The sheer scale of the effort required from all of us

This is not a change you can make isolated to the core engine. Every client project is now going to have to deal with the bugs introduced all over the place. No longer limited to the boundary on import from a third party DCC, we can now have wrong coordinates everywhere! If you’re planning to somehow support both coordinate systems at the same time in the same engine, that is even worse, the incompatibilities will multiply unchecked. Should this piece of gameplay code be using Y-Up or Z-Up coordinates? Who knows?

You’re about to force all of your users through an insanely complicated migration process for no actual reason (if it even works at all) and finally end up with a worse, less intuitive engine.

I assume it is already too late to change this direction since it seems to be one of Tim Sweeney’s pet projects, but I had to at least make it known that you are doing something a large amount of your users don’t want. Maybe others can join in the discussion with their own experiences to add more weight to this post. Thanks!

My biggest fear is that this moves the complication of dealing with disparate coordinate systems from existing almost purely at the import pipeline level into actual gameplay code which seems like a massive no-no. Furthermore it may remove complications for the most common external DCC tools, but there are still many tools it solves nothing for and many of the same transforms will still need to be maintained at the pipeline level.

More than anything, though, is the sheer potential for bugs here, especially with a signal that this may start in some future 5.x version. It’s pretty alarming that such a massive source for bugs and break in unreal’s APIs would be announced as a tweet with no care for how it will affect your external customers. As much as it might help with issues you have on Fortnite (as many recent decisions seem to be driven by) the lack of care for not breaking “userland” has only seemed to have accelerated in recent versions and this would only make that worse.

Hey folks,

thanks a lot for your feedback on this topic.

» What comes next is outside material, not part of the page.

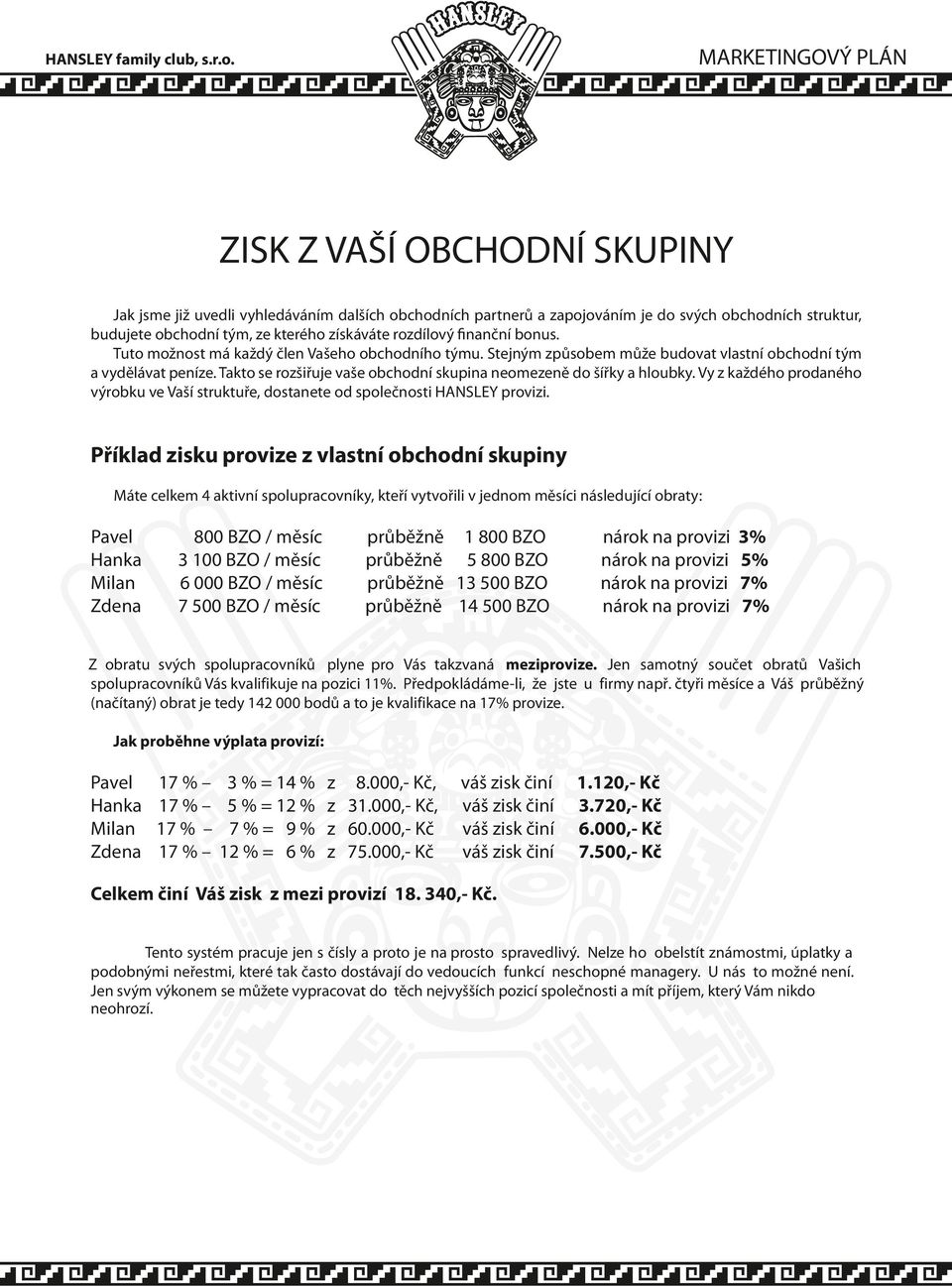 Vy z každého prodaného výrobku ve Vaší struktuře, dostanete od společnosti HANSLEY provizi.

We’re aware that there’s not a lot of information on how this will impact UE at the moment.

This decision was made with a focus on UEFN and has been discussed internally quite a lot.

Currently this is primarily a change and decision for UEFN and we’re aware that there’s not much information on how this will specifically affect UE and what the timeline of these changes will be.

It will likely still take years to make it into UE and we will make sure to have a very solid plan for how it’s gonna be integrated into the Engine and how migration of both Engine code and custom gameplay code should work.

I’ve forwarded your feedback to the product team and they will definitely take your considerations into account when it comes to the UE specific changes.